**Material shown:**
────────────────────────────────────────

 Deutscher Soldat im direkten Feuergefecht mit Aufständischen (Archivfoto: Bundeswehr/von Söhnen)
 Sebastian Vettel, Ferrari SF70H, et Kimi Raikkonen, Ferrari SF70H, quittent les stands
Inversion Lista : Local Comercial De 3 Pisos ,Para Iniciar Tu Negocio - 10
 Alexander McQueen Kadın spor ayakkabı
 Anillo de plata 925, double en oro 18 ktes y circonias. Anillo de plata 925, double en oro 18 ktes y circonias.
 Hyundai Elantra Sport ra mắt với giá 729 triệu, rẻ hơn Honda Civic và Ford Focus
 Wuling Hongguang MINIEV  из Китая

────────────────────────────────────────

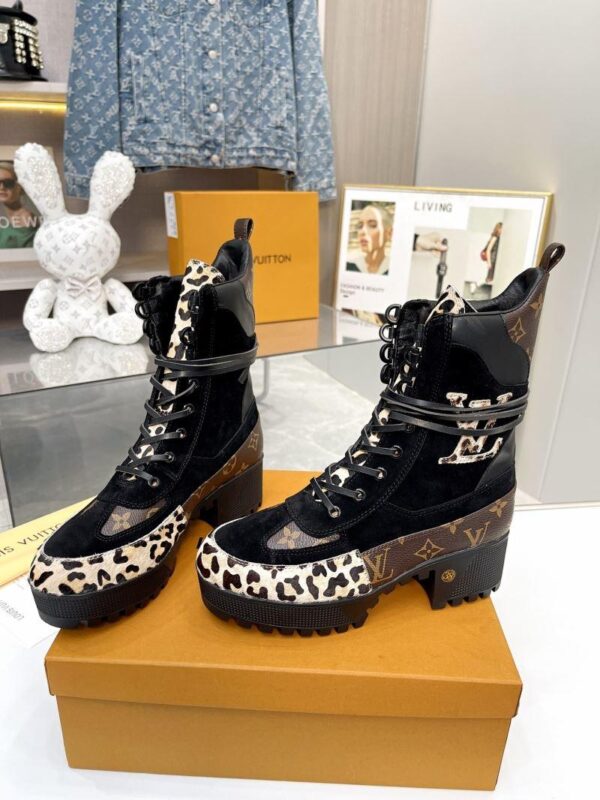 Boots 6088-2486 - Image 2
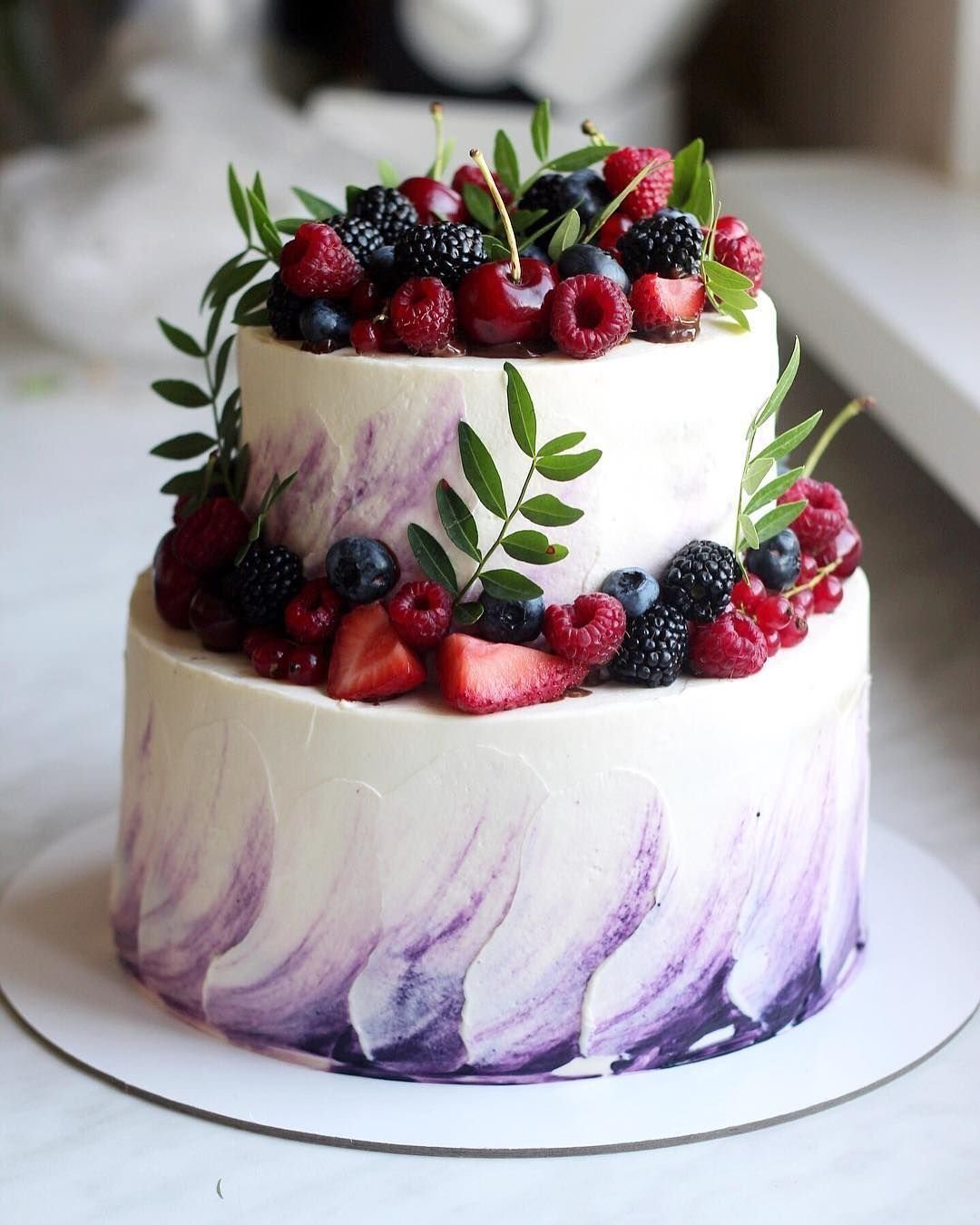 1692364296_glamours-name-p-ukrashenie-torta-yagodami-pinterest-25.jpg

────────────────────────────────────────

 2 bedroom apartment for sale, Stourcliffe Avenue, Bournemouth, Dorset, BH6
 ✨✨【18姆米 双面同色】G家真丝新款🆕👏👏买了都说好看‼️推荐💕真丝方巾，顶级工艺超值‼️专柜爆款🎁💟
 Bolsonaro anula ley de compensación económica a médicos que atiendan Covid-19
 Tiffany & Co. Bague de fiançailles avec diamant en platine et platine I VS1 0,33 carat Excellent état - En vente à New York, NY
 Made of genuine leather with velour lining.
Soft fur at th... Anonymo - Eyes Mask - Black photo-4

────────────────────────────────────────

**Work required:**
Every line from the line containing "Deutscher Soldat im" through the line containing "Inversion Lista : Local" in the records above must be retyped exactly. Leave out the rest.

**Answer space:**
 Deutscher Soldat im direkten Feuergefecht mit Aufständischen (Archivfoto: Bundeswehr/von Söhnen)
 Sebastian Vettel, Ferrari SF70H, et Kimi Raikkonen, Ferrari SF70H, quittent les stands
Inversion Lista : Local Comercial De 3 Pisos ,Para Iniciar Tu Negocio - 10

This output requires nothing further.